SECTION 6. ORS 238.440 is amended to read:
238.440. (1) A police officer or firefighter who is a member of the
system may elect to make additional contributions to the fund to purchase
increased benefits between the date of retirement and age 65. The rate of
additional contribution shall be determined by the actuary, dependent upon the
age of the police officer or firefighter at the date of election, so as to
provide monthly payments on the basis of $10 per unit of benefits purchased. No
police officer or firefighter may elect to purchase more than eight units. For
each $10 unit purchased by the police officer or firefighter, the employer
shall purchase an equal $10 unit. A police officer or firefighter who is
retained until age 65 shall receive a lump sum refund of the additional
contributions made toward units purchased, plus interest thereon, but shall
receive no benefits from the additional contributions by the employer for such
units. If a police officer or firefighter retires after age 60 but prior to age
65, the units purchased by additional contributions shall provide increased
monthly benefits based on life expectancy, but the matching units purchased by
the employer shall not, regardless of age, exceed $10 per month per unit
purchased by the police officer or firefighter. If a police officer or
firefighter is absent from the employment of a participating employer for any
reason and because of such absence is unable to make monthly additional
contributions, the benefits provided under this section shall be actuarially
reduced upon the retirement of the police officer or firefighter. The Public
Employees Retirement Board shall establish an account for each member who
elects to make additional contributions under this section and shall credit all
contributions made by that member and interest on those contributions to the
account.
(2) Notwithstanding
subsection (1) of this section, a police officer or firefighter who retires
prior to age 60 may apply for and receive an actuarially reduced unit income
commencing at any date between the date of early retirement and age 60, with
monthly benefits payable for at least 60 months or any other monthly formula in
excess of 60 months but always terminating by age 65. Such a police officer or
firefighter may elect to pay in a lump sum within the 60 days immediately preceding early retirement the contribution that the police
officer or firefighter would have made to the [unit income] account had the police officer or firefighter worked
to age 60.
(3) Any police officer
or firefighter who elects to make additional contributions to purchase
increased benefits may elect at any time before termination to cancel such
election. Having once canceled such election, no police officer or firefighter
shall be again permitted to make additional contributions.

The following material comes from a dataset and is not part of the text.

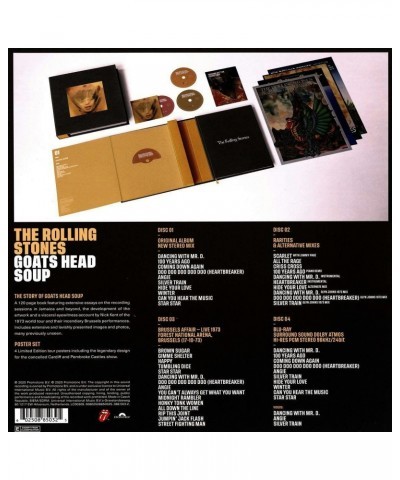 $71.77 The Rolling Stones Goats Head Soup (Super Deluxe/3CD/Blu-ray Box Set) CD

(4) [The additional contributions made by the
police officer or firefighter under this section shall be refunded to the
police officer or firefighter only when] A member may withdraw the
amounts credited to the account established for the member under this section
if:
(a) The member is
separated from all service with participating public employers; and
(b) The member is
separated from all service with employers who are treated as part of a
participating public employer’s controlled group under the federal laws and
rules governing the status of the system and the fund as a qualified
governmental retirement plan and trust.
(5) A member who
withdraws the amounts credited to the account established for the member
pursuant to subsection (4) of this section may not thereafter make additional
contributions under this section.
[(5)] (6) A police officer or firefighter who has elected to
make additional contributions under this section and who transfers to
employment in which not entitled to make such additional contributions may
retain the account established under subsection (1) of this section for five
years immediately following such transfer by not requesting a withdrawal. If,
at the end of the five-year period, the police officer or firefighter has not
reached age 50, or has not returned to employment in which entitled to make
additional contributions under this section, the election shall be canceled and
the amount of the account established under subsection (1) of this section
shall be refunded to the police officer or firefighter.
[(6)] (7) Any election to make
additional contributions under this section and any cancellation of such
election shall be submitted to the employer and to the board in writing.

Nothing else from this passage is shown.